How severe does this issue affect your experience of using Ray?

  • Medium: It contributes to significant difficulty to complete my task, but I can work around it.

I have a general question on cluster and deployment architecture. My system exposes a few ML models and algorithms through a Ray REST API. I want these models to be always available as Actors to compute and respond whenever a request is received. My plan is to build a Docker image containing the model code, model checkpoints, and all python dependencies. Dependencies and models get updated frequently, so that Docker image must be rebuild and deployed from time to time.
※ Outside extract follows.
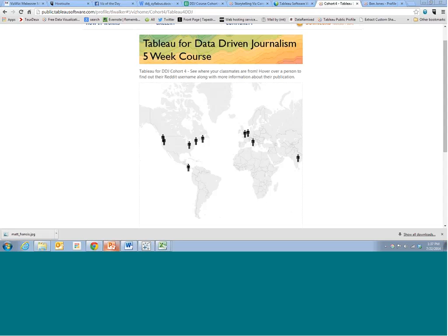Hi everyone and welcome to lecture two of the Tableau for Data Journalism five-week course. Great job on the homework that you submitted for last week. Really impressed with a lot of the first visualizations that you all were able to make and publish, so that's a great first step.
I wonder what’s the best way to design the cluster config and deployment flow to minimize downtime. My plan is to deploy this in an autoscaling kubernetes cluster, but I am unsure on what’s the best strategy to redeploy Docker images and register Actors that already exist while avoiding downtime? Does Ray support this natively or is there any tricks I’d need to implement on my own?

Many thanks!

Hi @ezorita, welcome to the Ray forums!

I’d recommend trying Ray Serve, Ray’s model serving library. You can wrap your ML models in @serve.deployment decorators, which can convert your ML models into sets of replicated Ray actors.

KubeRay offers a K8s operator that lets you run your Ray Serve deployments on your Kubernetes cluster. The operator offers fault tolerance, high availability, and zero-downtime updates, which should fit your needs. Please feel free to follow up with any questions!